Friday, 21 October 2022 — National Security Archive

  • British Ambassador First Outsider to Learn of Kennedy Decision for Blockade

  • British Told of U.S. Preemptive Nuclear Strike Plan if Soviets Moved Against West Berlin

  • Belgian Foreign Minister “Preferred U.S. to Inform NATO Allies 24 Hours in Advance”

Washington, D.C., October 21, 2022 – President John F. Kennedy made unilateral decisions to impose a naval blockade and approve other military moves, but winning the support of European allies remained central to U.S. policy during the Cuban Missile Crisis, according to declassified records of briefings delivered to NATO leaders shortly before Kennedy announced the discovery of Soviet missiles in Cuba.

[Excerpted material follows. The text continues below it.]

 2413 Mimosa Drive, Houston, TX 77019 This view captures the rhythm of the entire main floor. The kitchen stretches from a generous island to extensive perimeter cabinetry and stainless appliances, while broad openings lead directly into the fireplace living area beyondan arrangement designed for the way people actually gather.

While British Ambassador David Ormsby-Gore, an old friend of Kennedy’s, was the first foreign diplomat to receive official word of the crisis, top leaders of other NATO states also received special briefings on the situation from U.S. ambassadors, special emissaries, and CIA officials before President Kennedy appeared on U.S. television to address the nation on October 22, 1962. The previous day, at a private lunch at the White House, Kennedy told Ormsby-Gore about the missile deployments, plans for a blockade, and his overall strategy, saying that he hoped to resolve the crisis through “negotiation and discussion” and that he did not expect or hope for an invasion of Cuba.

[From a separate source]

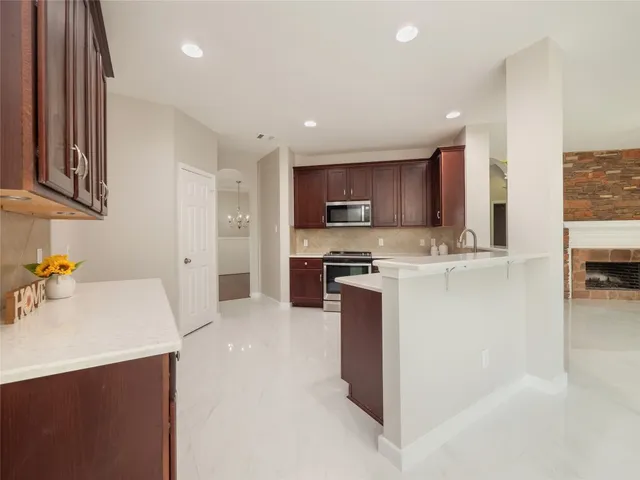 a kitchen with kitchen island granite countertop a sink a stove and a refrigerator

Other declassified documents from U.S. and British archives provide detailed accounts of the crisis briefings given to other NATO allies on October 22. Diplomats and heads of state in NATO Europe and Canada supported U.S. actions, although discontent that they had received such short notice lay just beneath the surface. British Prime Minister Harold Macmillan was “hurt” that he had not received earlier word, while Belgian Foreign Minister Paul Henri-Spaak believed that NATO should have had “24 hours’ notice.”

Today’s posting also includes the accounts of officials who watched the crisis unfold in Washington. A British intelligence officer reported hearing of U.S. plans for a worst-case scenario under which Khrushchev took West Berlin and the U.S. responded with a preemptive nuclear strike on Soviet ICBMs.